Nikah di Thailand

Thursday, September 27, 2007

To implement a successful internet strategy, a company's culture must first be overhauled.

David S. Pottruck, co-CEO of Charles Schwab Corp., has a strong grasp of that concept. Schwab has been an acknowledged leader in the bricks-to-clicks transition in the financial services industry. Over the past four years it has transformed itself into an Internet company-it manages more than 40% of total online assets, more than double that of its closest rival-with a bricks-and-mortar base of more than 350 branches. Yet, even in that environment, there has been resistance to change within the company.

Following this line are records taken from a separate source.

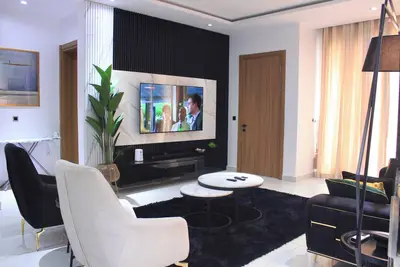 Image de Hac Apartment - A Luxurious 2-bedroom apartment at Lekki Phase 1 with WiFi, pool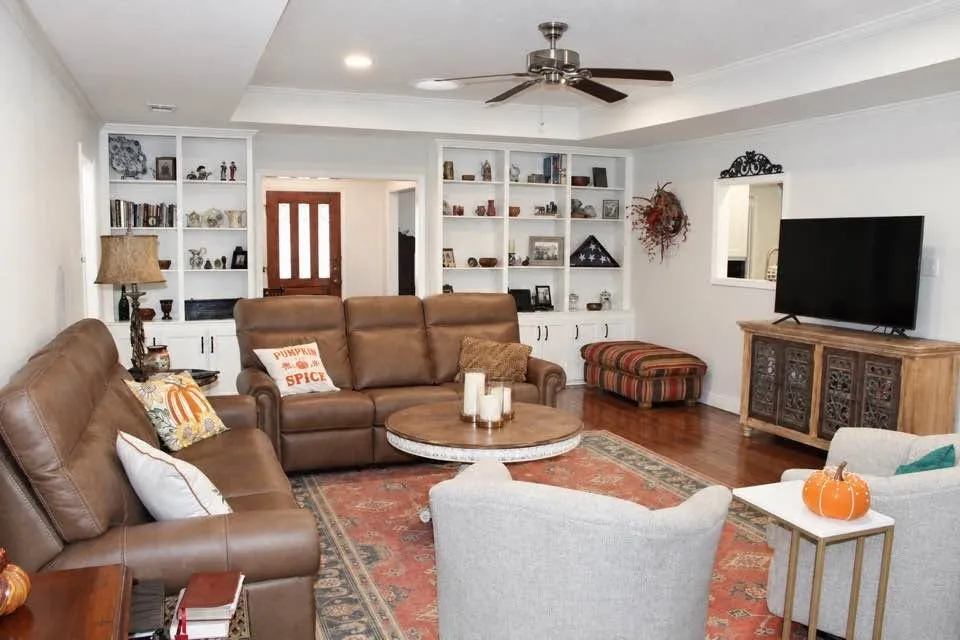 Single Family Residence For Sale in Johnson County , 903 Canyon Drive, Cleburne, Texas 76033, 4 Bedroom, 3 Bathroom, 2 Garage spaces, 2,604 Sqft, built in 1984, mls#21369536, Real Estate Agent in Cleburne, Homes For Sale in Johnson county, Homes For Sale in Cleburne, Realtor in Cleburne Texas, Real Estate Brokerage Independent Realty Texas, Luminita Cordes Realtor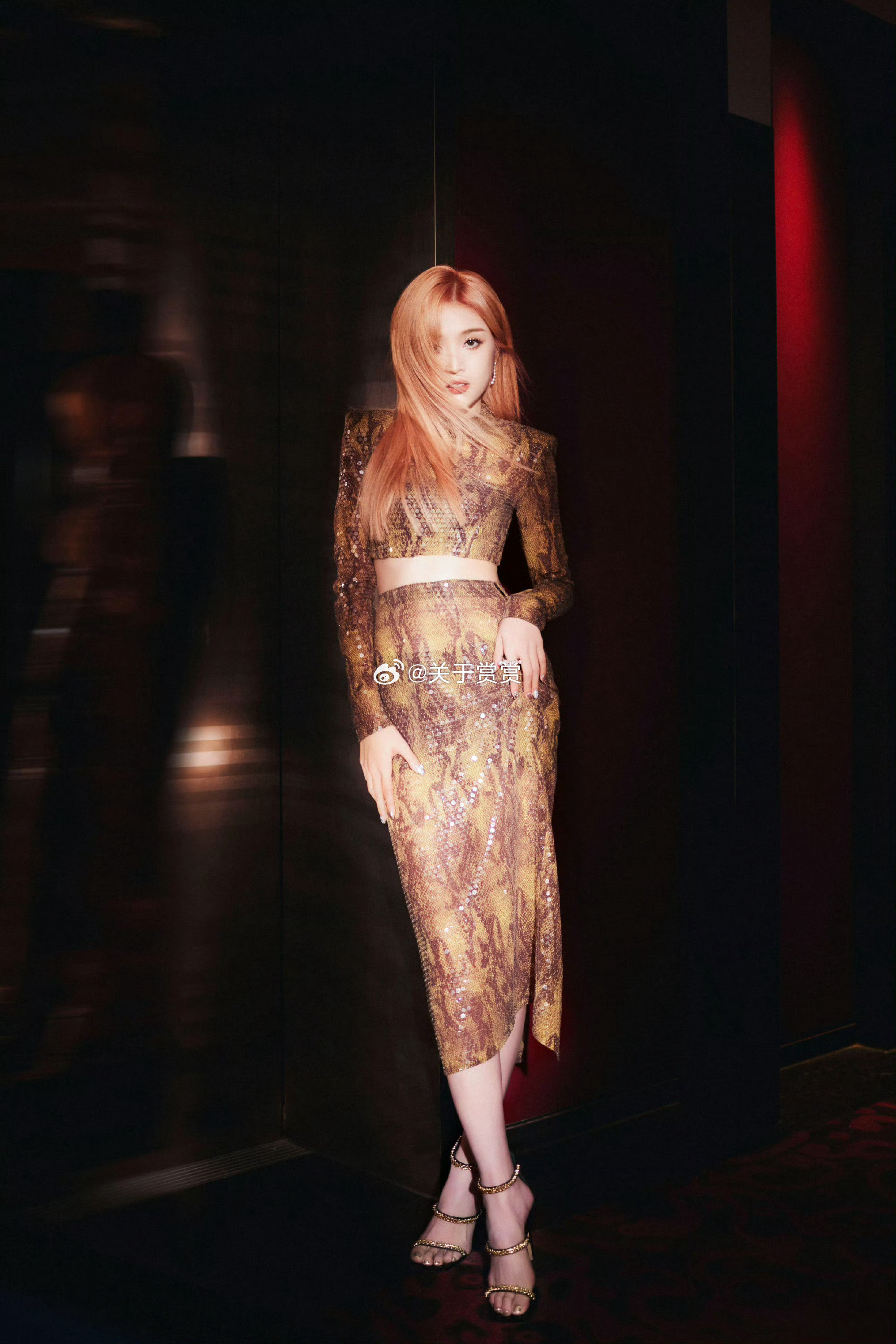 吴宣仪亮片露脐套装裙，勾勒完美腰身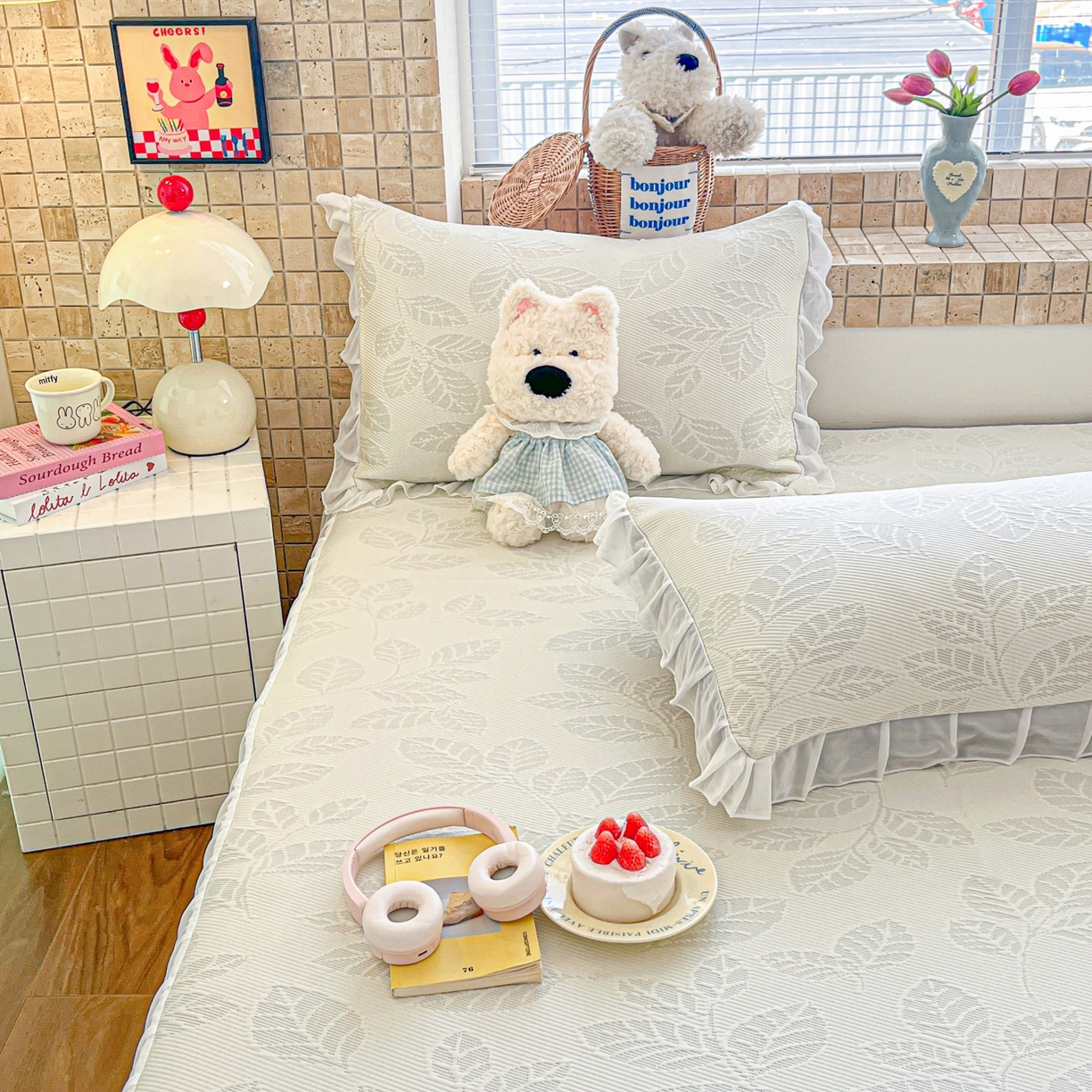 91家纺网 家纺一手货源 找家纺 川悦生活 2026新款加厚三明治底床裙款凉感席三件套 床裙月桂-月银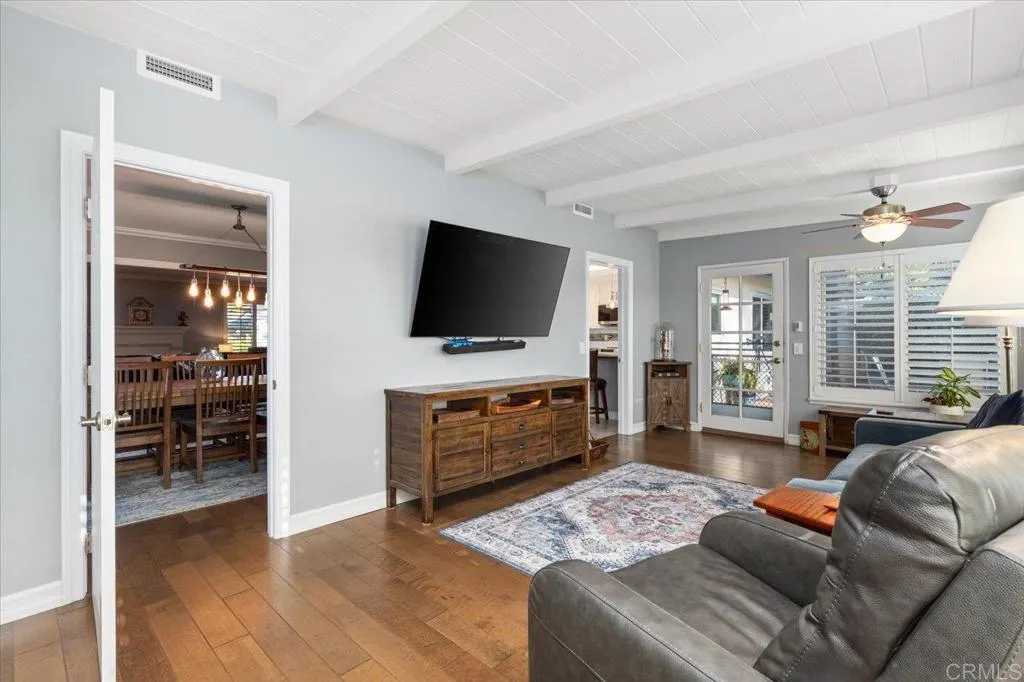 https://cdn.realtyfeed.com/cdn/127/306534670/2bcbf15cf9f6c23cb56070d4b33fd8df.webp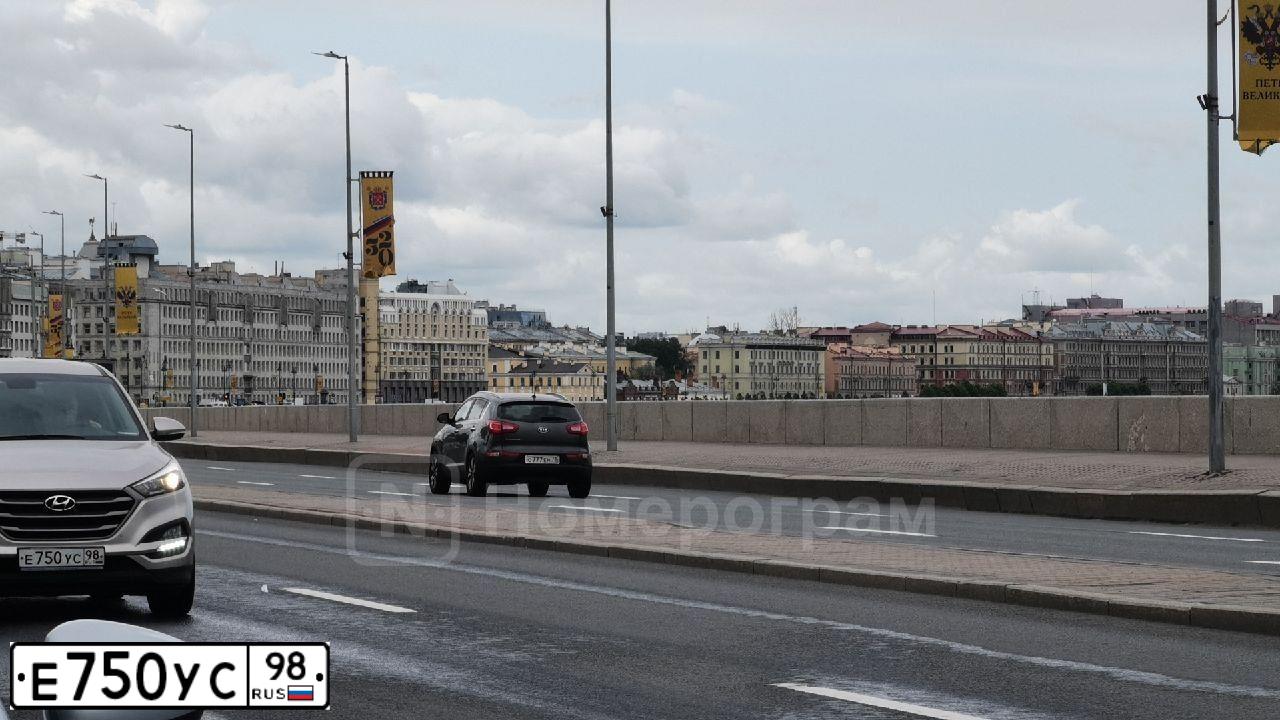 Фото автомобиля HYUNDAI IX35, 2011 — госномер А779АХ198. Цвет: ЧЕРНЫЙ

Pottruck chose a dramatic gesture to overcome that resistance. Gathering almost 100 of Schwab's senior managers at one end of San Francisco's Golden Gate Bridge, he gave them all jackets embroidered with "Crossing the Chasm" and led them on a march to the other side. He refers to the symbolic event as "the beginning of the reinvention of our company."

Of course, leading a bricks-and mortar company's transition to the New Economy is not without personal risk for the CEO involved. Julie Wainwright, CEO of Pets.com, has also been CEO of a bricks-and-mortar company. She points out that taking such a company to the Web is "a gutsy move" because CEOs must not only adapt to a new culture, they risk competing with stores and distributors and antagonizing analysts. She adds, however, that good CEOs realize they will always look worse before they look better whenever there is a major shift in their business.